The problem
Set down every line from the one containing "Old map wall" through the last line of the records below, exactly as written, and leave out the pictures.

Material to process
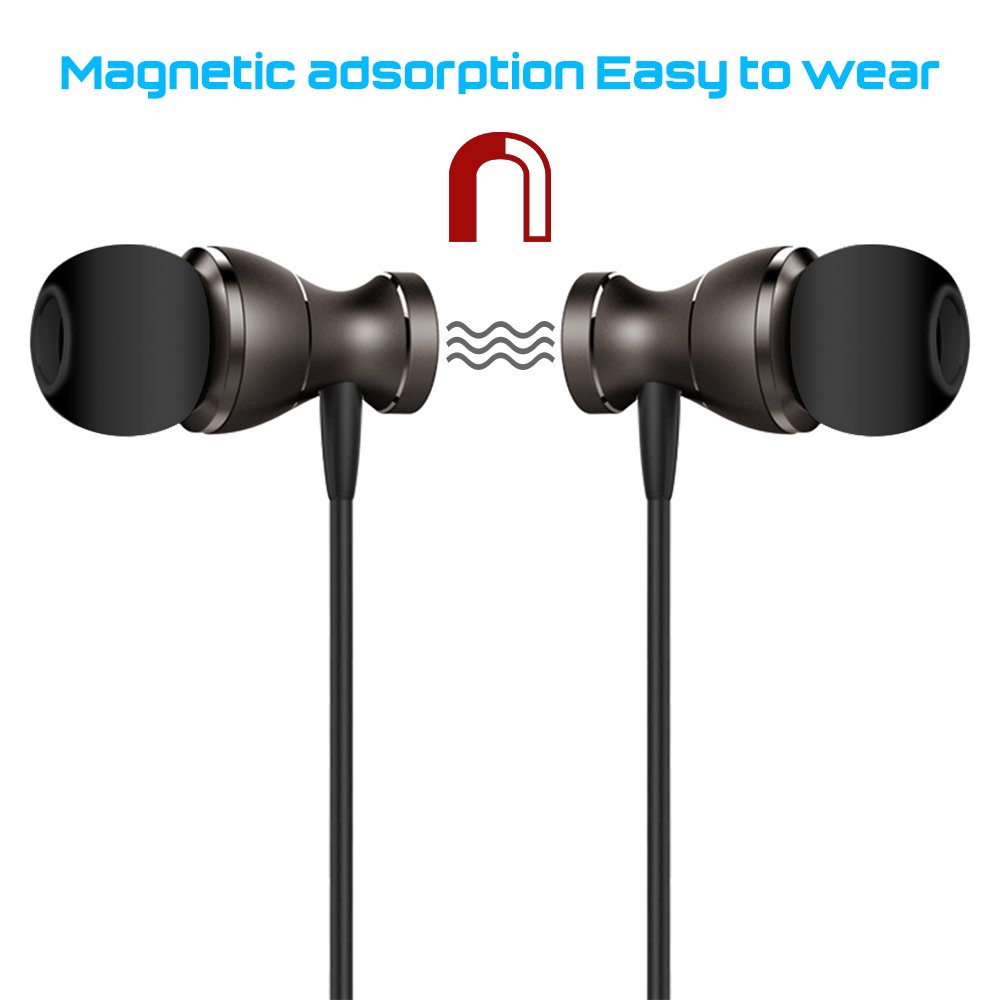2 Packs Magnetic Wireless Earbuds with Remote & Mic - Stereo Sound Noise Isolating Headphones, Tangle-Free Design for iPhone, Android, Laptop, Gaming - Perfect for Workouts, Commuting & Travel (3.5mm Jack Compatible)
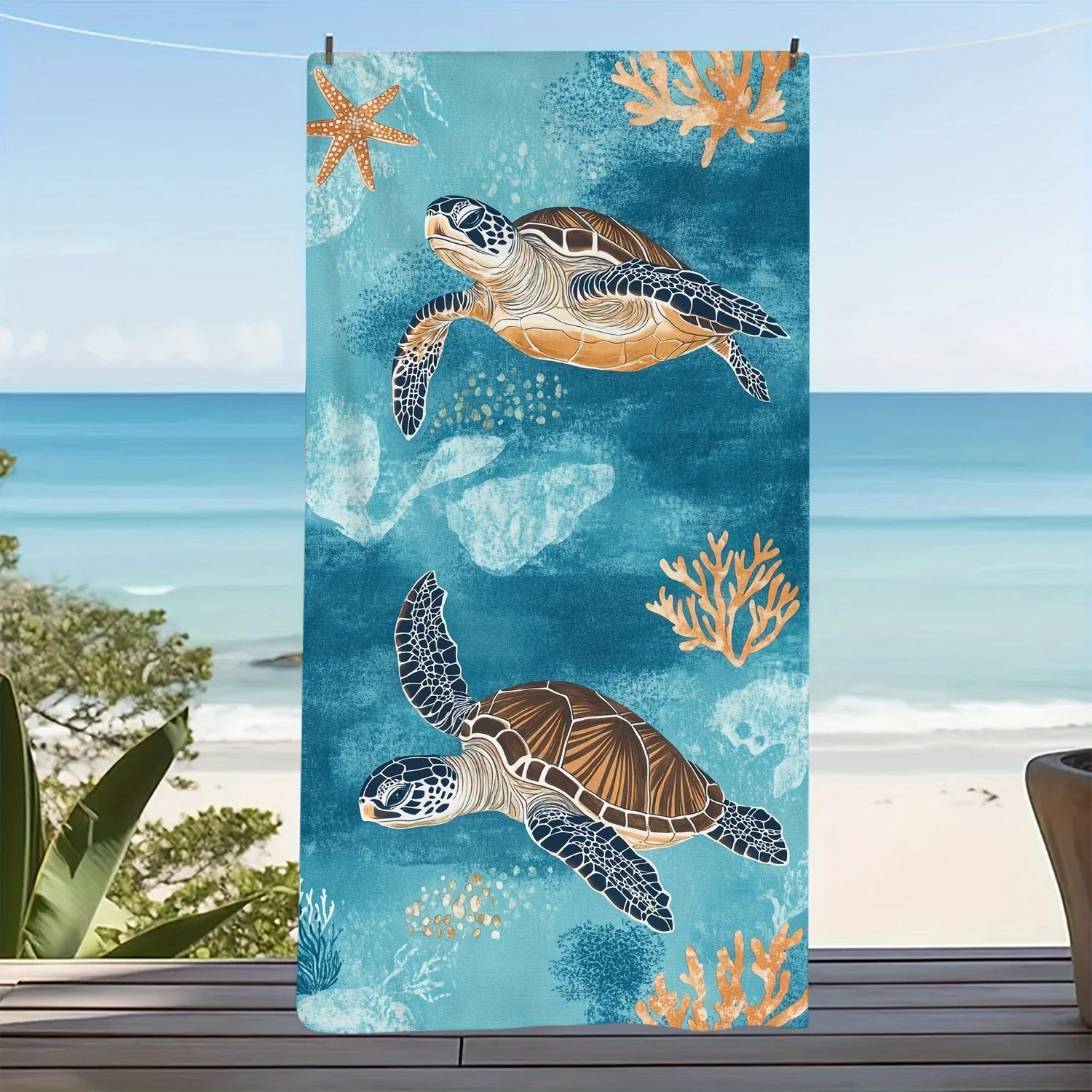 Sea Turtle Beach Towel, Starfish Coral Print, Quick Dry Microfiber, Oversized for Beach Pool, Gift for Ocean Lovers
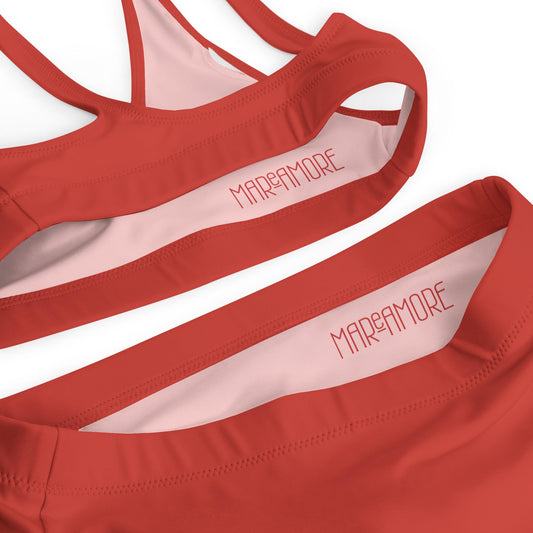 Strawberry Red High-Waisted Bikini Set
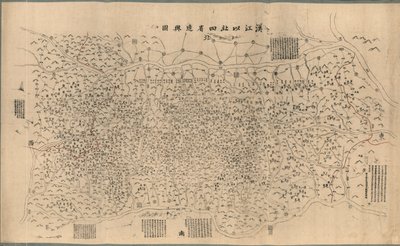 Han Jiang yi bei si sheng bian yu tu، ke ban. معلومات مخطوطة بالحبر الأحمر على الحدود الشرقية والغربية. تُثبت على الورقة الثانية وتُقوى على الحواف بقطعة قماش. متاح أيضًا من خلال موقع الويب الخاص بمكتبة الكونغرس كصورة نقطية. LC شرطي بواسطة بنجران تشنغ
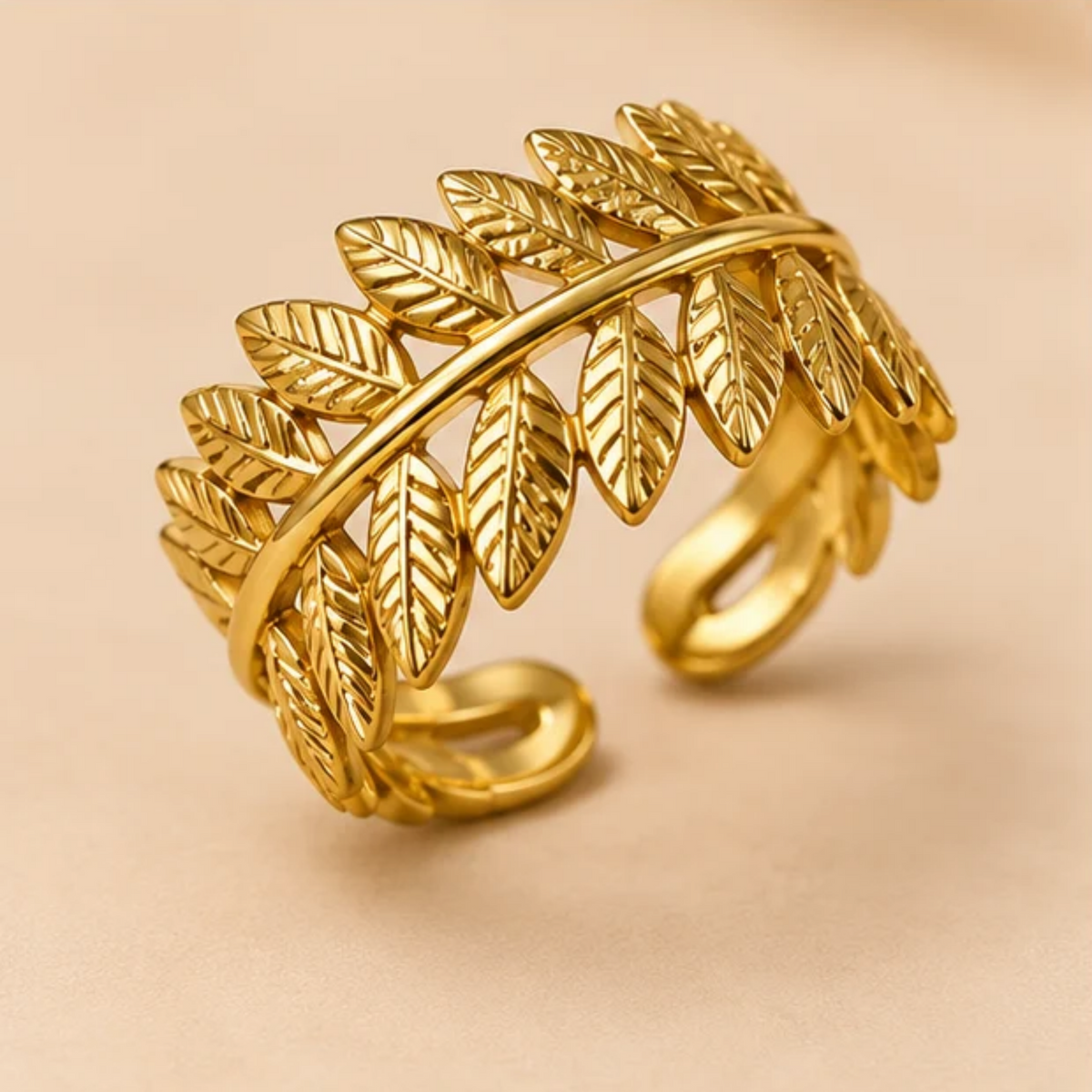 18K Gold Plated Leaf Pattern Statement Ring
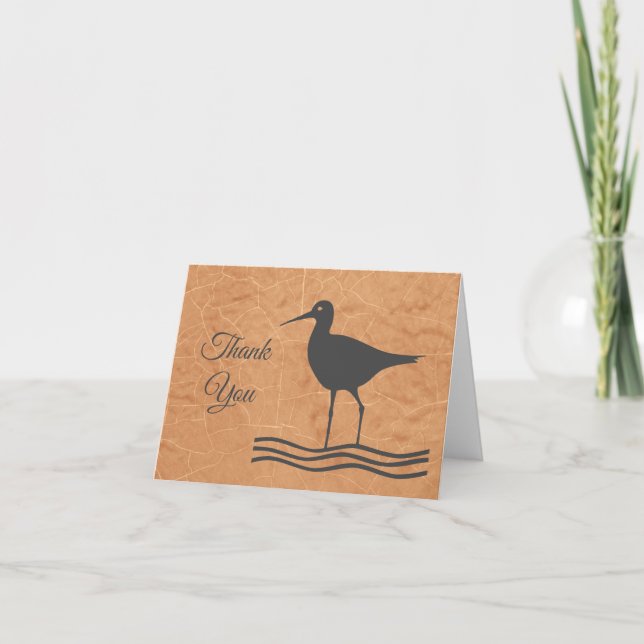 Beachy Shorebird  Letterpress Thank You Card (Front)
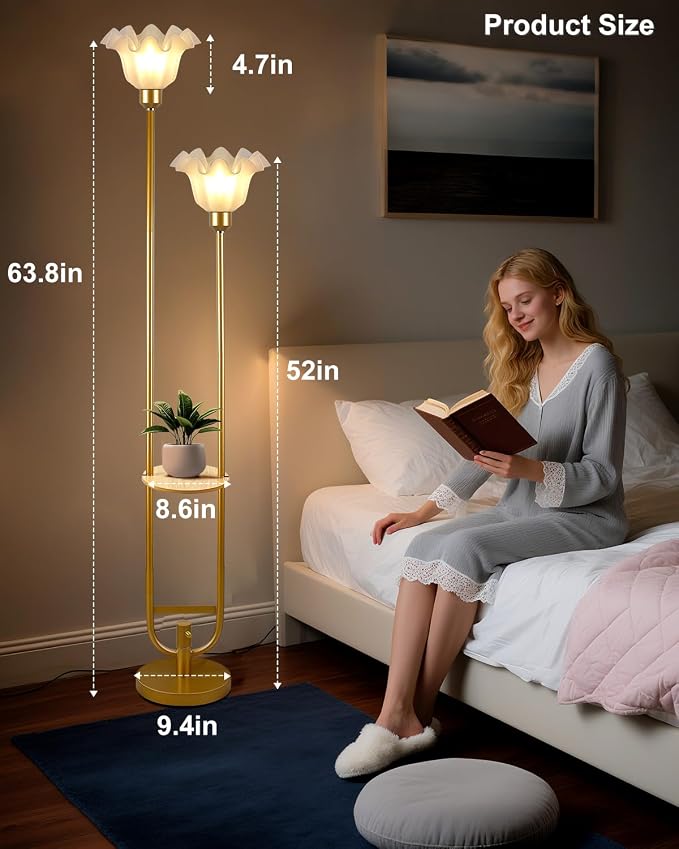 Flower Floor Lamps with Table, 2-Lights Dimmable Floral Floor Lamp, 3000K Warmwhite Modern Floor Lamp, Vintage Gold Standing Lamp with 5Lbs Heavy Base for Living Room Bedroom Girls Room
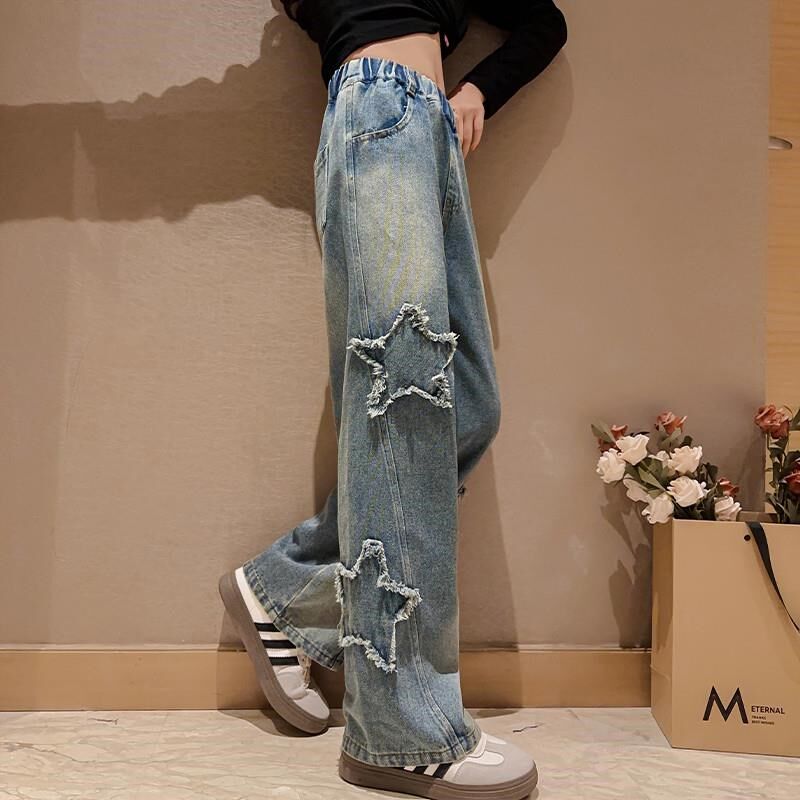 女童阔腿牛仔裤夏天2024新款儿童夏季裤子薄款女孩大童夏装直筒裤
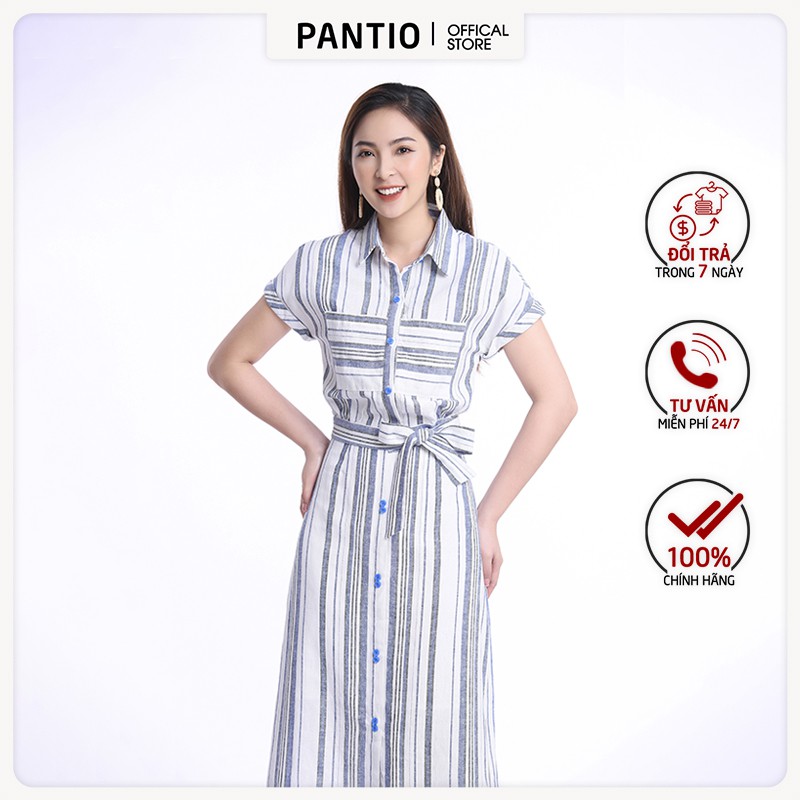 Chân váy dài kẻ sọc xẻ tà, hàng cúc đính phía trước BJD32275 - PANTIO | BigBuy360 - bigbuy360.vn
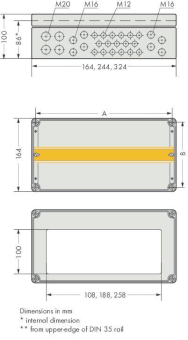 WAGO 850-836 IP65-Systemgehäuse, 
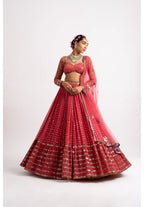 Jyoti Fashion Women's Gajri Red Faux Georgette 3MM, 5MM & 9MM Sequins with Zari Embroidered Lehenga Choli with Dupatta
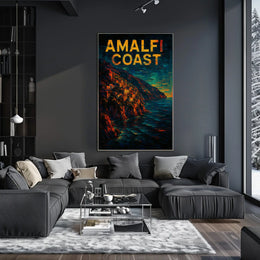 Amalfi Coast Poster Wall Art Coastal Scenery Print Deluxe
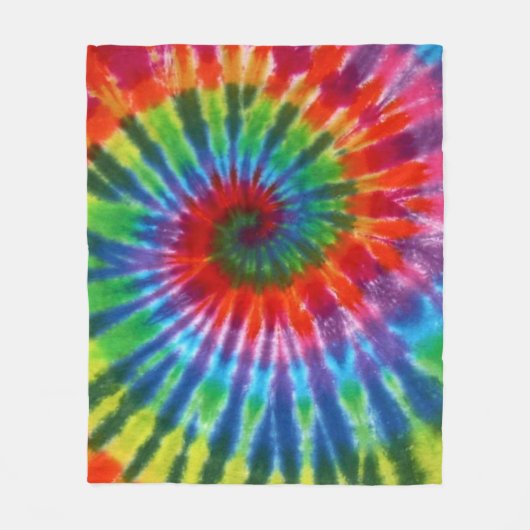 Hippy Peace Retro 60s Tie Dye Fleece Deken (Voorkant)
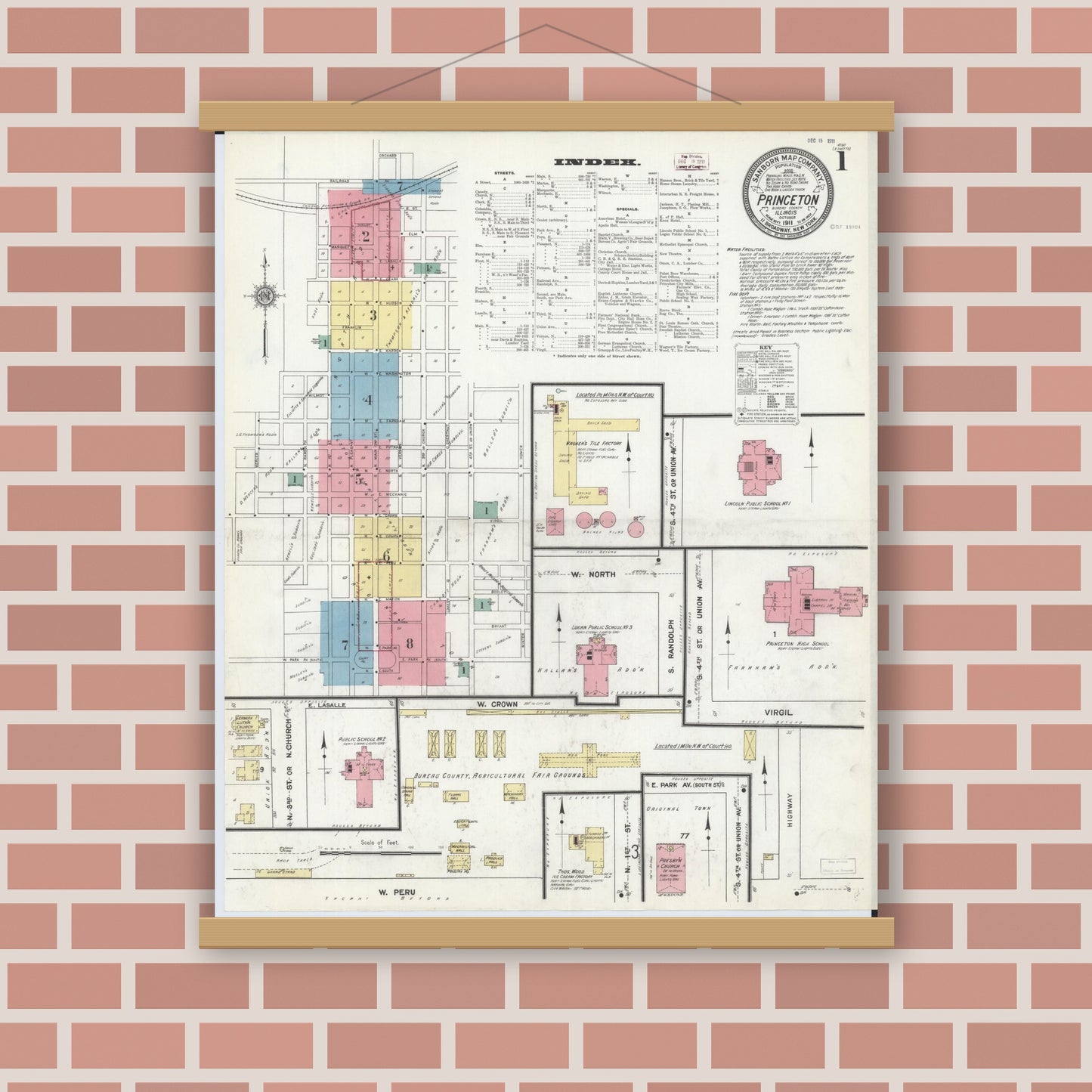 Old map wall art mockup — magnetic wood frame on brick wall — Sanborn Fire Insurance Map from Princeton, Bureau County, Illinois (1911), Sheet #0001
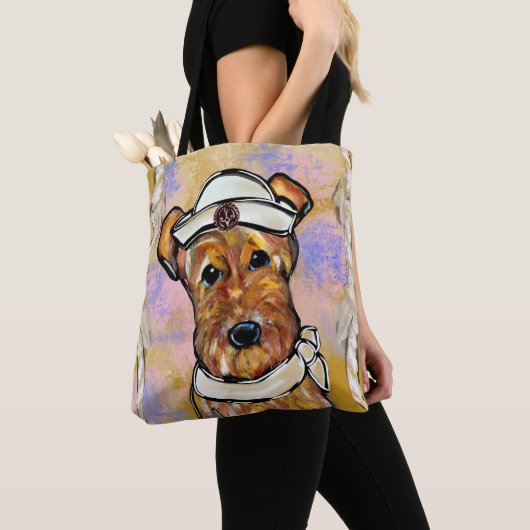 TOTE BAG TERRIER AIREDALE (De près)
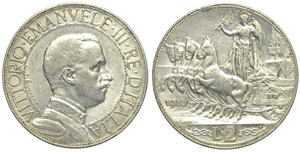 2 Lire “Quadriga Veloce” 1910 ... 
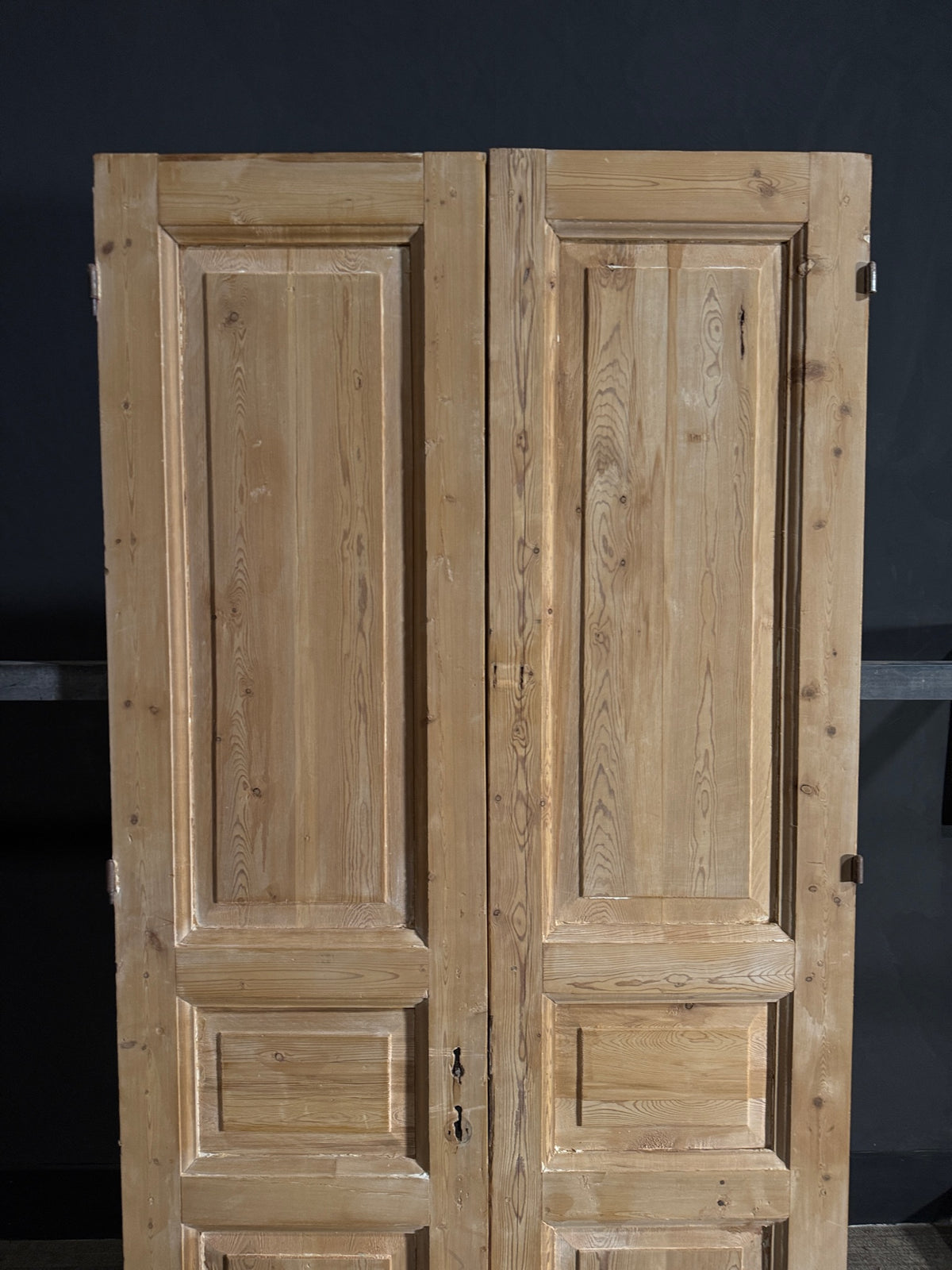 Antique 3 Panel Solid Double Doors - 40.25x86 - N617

Problem solution
 Old map wall art mockup — magnetic wood frame on brick wall — Sanborn Fire Insurance Map from Princeton, Bureau County, Illinois (1911), Sheet #0001
 TOTE BAG TERRIER AIREDALE (De près)
 2 Lire “Quadriga Veloce” 1910 ... 
 Antique 3 Panel Solid Double Doors - 40.25x86 - N617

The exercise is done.